I love Google Search Console (GSC) because it is the most accurate SEO tool.

Unlike third-party solutions, the data in GSC comes directly from Google. Nothing is extrapolated: you see what Google wants you to see. But is it always accurate?

Whenever you read “Discovered — currently not indexed“, what Google should have written is “Detected but not currently crawled“. It is crucial to remember this as you go through this article, and you’ll understand why in the end.

While Google has always denied the existence of a “crawl budget” on its end, I’ll show you that there’s a similar internal metric Google uses to decide how to crawl each website!

Before any page can be ranked in SERPs, your content has to go through 3 phases:

1. Discovery

2. Crawling 

3. Indexing

Discovery means Google is aware that those pages exist. URLs have been detected, which is the first step. Google acknowledges their existence, however calling this the “pre-crawling” phase would be inaccurate. Google will arbitrarily decide if what was discovered deserves to be crawled. More on this later to understand why Google might suddenly and violently change its mind.

Crawling means you’ve gone beyond discovery/detection: your content has been crawled by Googlebot, meaning that your content has been processed but you do not exist in Google’s index yet. Google will arbitrarily decide if you deserve to be indexed later on.

Indexing is easy to understand: your content has successfully gone through the discovery and crawling phases. You’ve been detected and crawled and now exist inside Google’s index. 

Now, what could a sudden drop in pages “Discovered but currently not indexed” mean? 

REMEMBER: Google isn’t accurate here because no content can jump from “discovery” to “indexing” without going through the crawling phase!

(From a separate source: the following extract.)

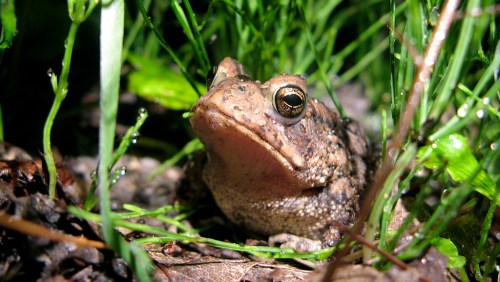 A close-up of a brown frog sitting among green grass and leaves, with droplets of water on its skin.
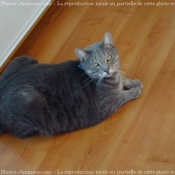 Photo de Chat domestique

When you have a lot of “discovered” but pending to be crawled pages, there are 3 possibilities:

1. Server Capacity (bandwidth, CPU load, limited RAM, etc) 

2. Web Server Issues (Apache/Nginx configuration issues, unexpected HTTP response codes, etc — log file analysis is always recommended)

3. Website Quality (after a few months of observation and analysis, Google gives an invisible and confidential internal score to each indexed website — by considering the overall site quality, including the content, design, layout, etc).

As a rule, Google always declared that “discovered but not indexed” pages meant that Googlebot wanted to crawl the URLs but postponed the crawl because your website might be overloaded. In other words, the problem was on your side, not theirs! Google almost always points to your back end.

Technical SEOs listened and focused on fixing the back-end by tweaking the server and web server, which is absolutely needed.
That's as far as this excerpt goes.